The meeting is discussing a draft convention for the protection and assistance of internally displaced persons and a declaration on refugees, returnees and the internally displaced.
The convention is the first such global document that aims to comprehensively address the problems of Africa’s 12 million IDPs.
A group of IDPs in Uganda: Over the past 20 years, the population of Africans affected by natural disasters doubled from nine million in 1989 to 16.7 million in 2008. Of all the disasters on the continent, 75 percent were a result of drought
Before the meeting, civil society leaders called for concrete action on the convention, when adopted. Chris Dolan of the Uganda Refugee Law Project urged delegates to look beyond existing models of protection and assistance to IDP, refugee and returnee populations and draw from creative transitional justice practices around Africa.

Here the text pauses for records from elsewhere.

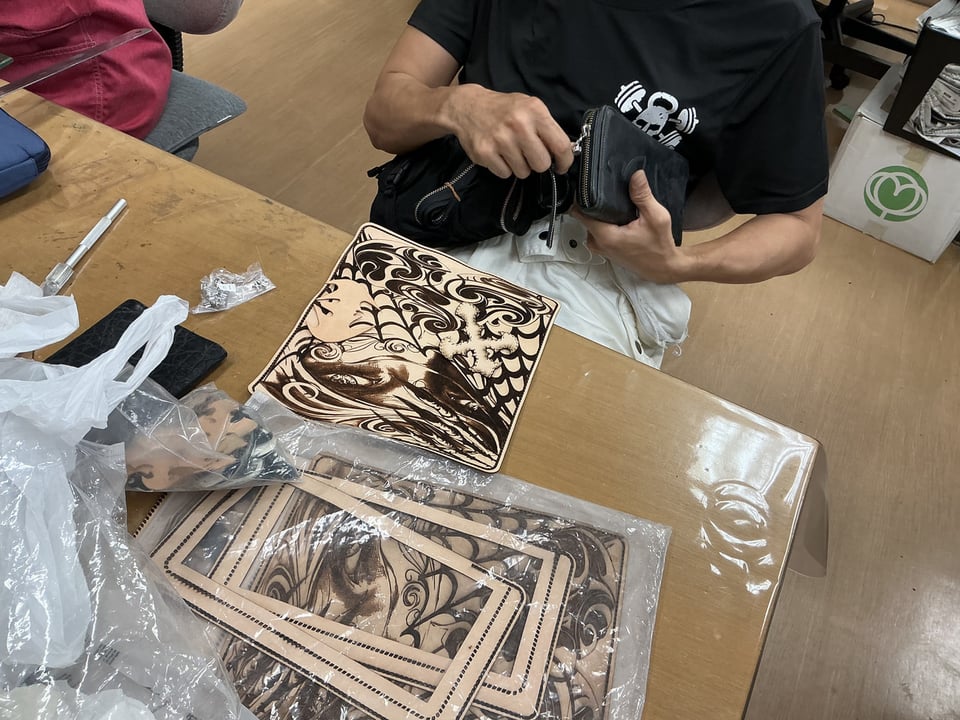 長財布　レザークラフト教室　革工芸教室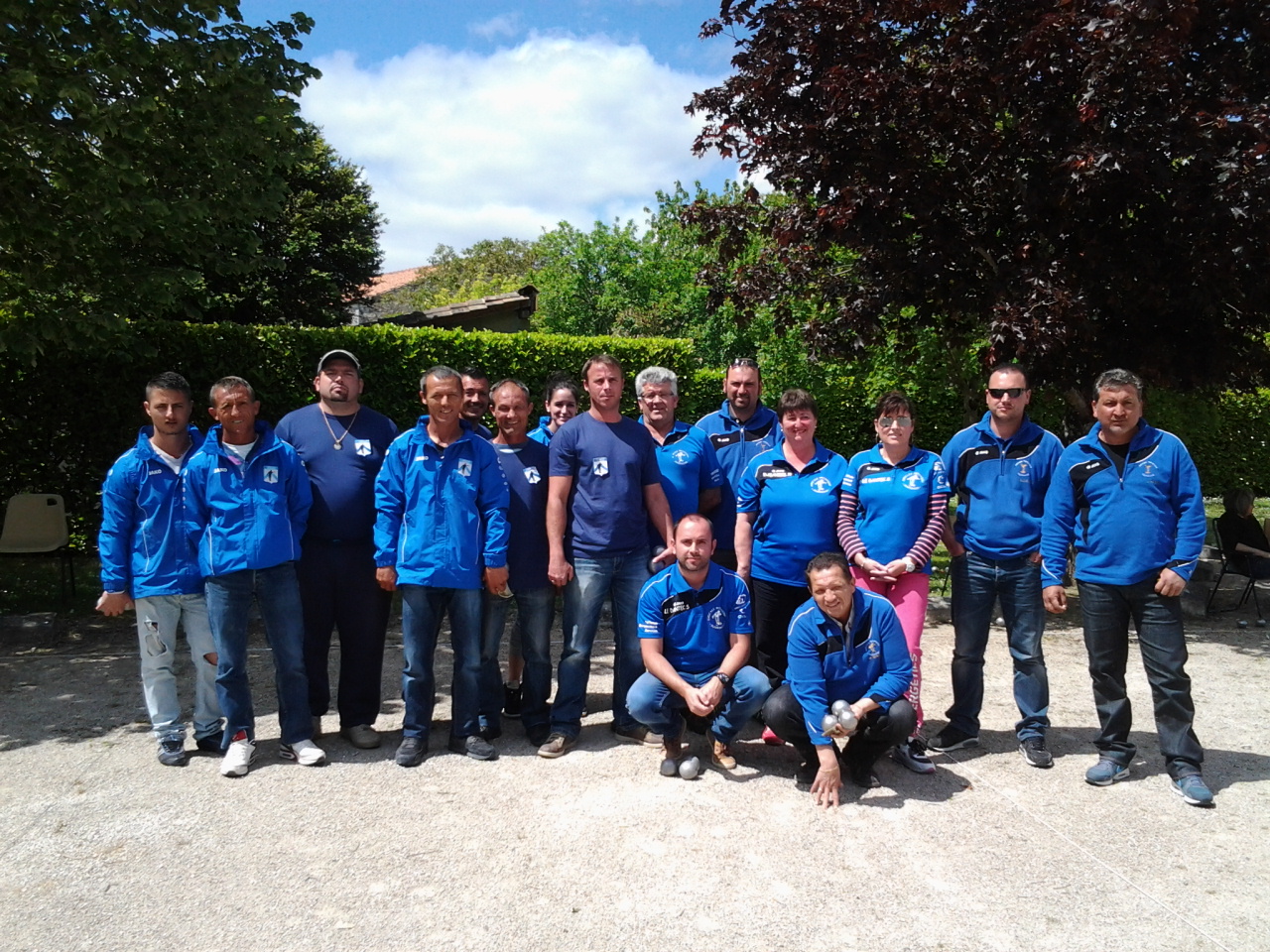 2 ème tour TOURRIERS bat CHASSORS  21 à 10 2 ème tour TOURRIERS bat CHASSORS  21 à 10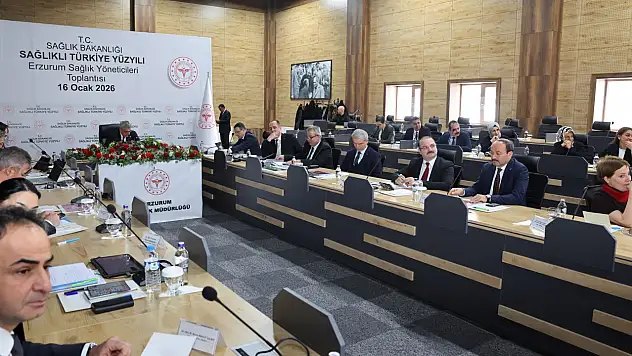 Bakan Memişoğlu ve Rektör Hacımüftüoğlu Erzurum'da Bir Araya Geldi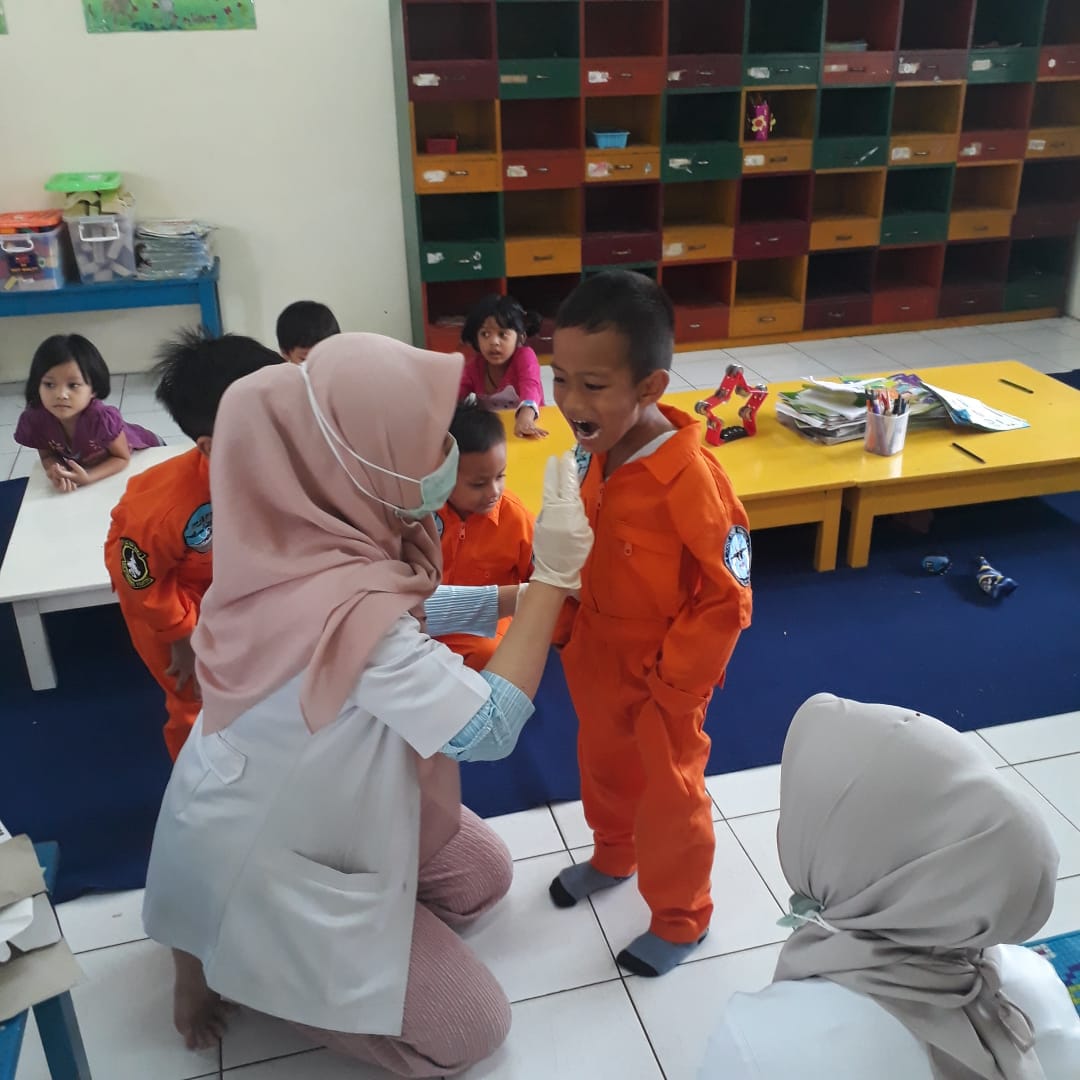 Kesimpulannya adalah pengetahuan tentang kesehatan gigi . Pemeriksaan Gigi Anak Yasarini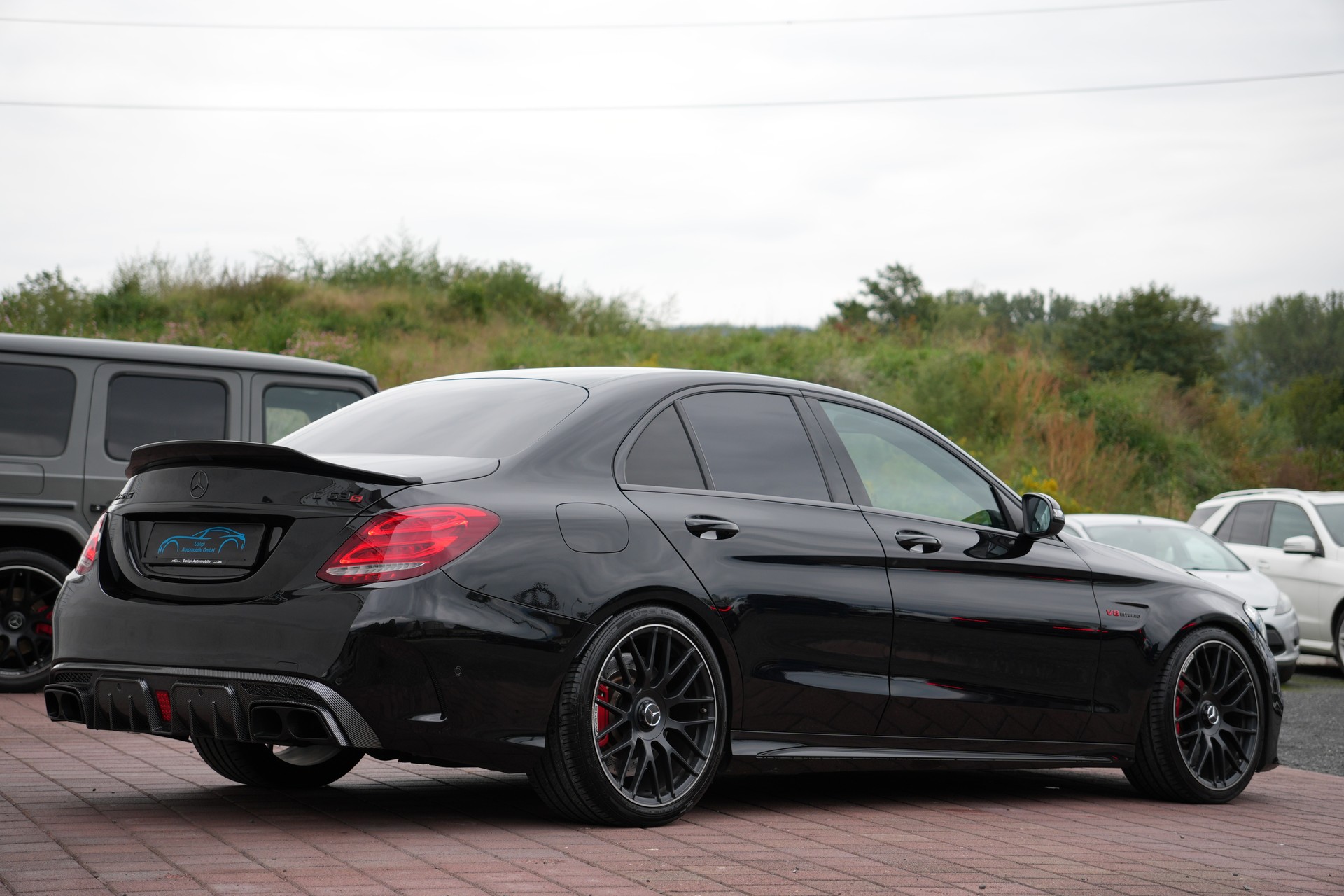 MERCEDES-BENZ C 63 S AMG Speedshift-showroom-element-3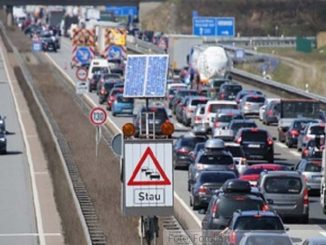 AutobahnStauFotolia_199718805_XS04.06.19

“One step towards this would be to ensure that the plan of action that is put in place to implement the decisions adopted at the summit makes links between the African Union’s draft… and the policy on post-conflict reconstruction and development,” he added.
“Another will be to link… to ongoing transitional justice processes on the continent.”
At least 15 countries need to ratify the proposed convention for it to come into force, and diplomats at the summit are confident the signatures will be raised soon. Preparatory work, they added, had shown broad support across the continent.
“It is the responsibility of member states that the convention becomes a binding instrument,” Jean Ping, AU Commission chairman, told the meeting. “It is an achievement, but not an end in itself. It is a beginning.”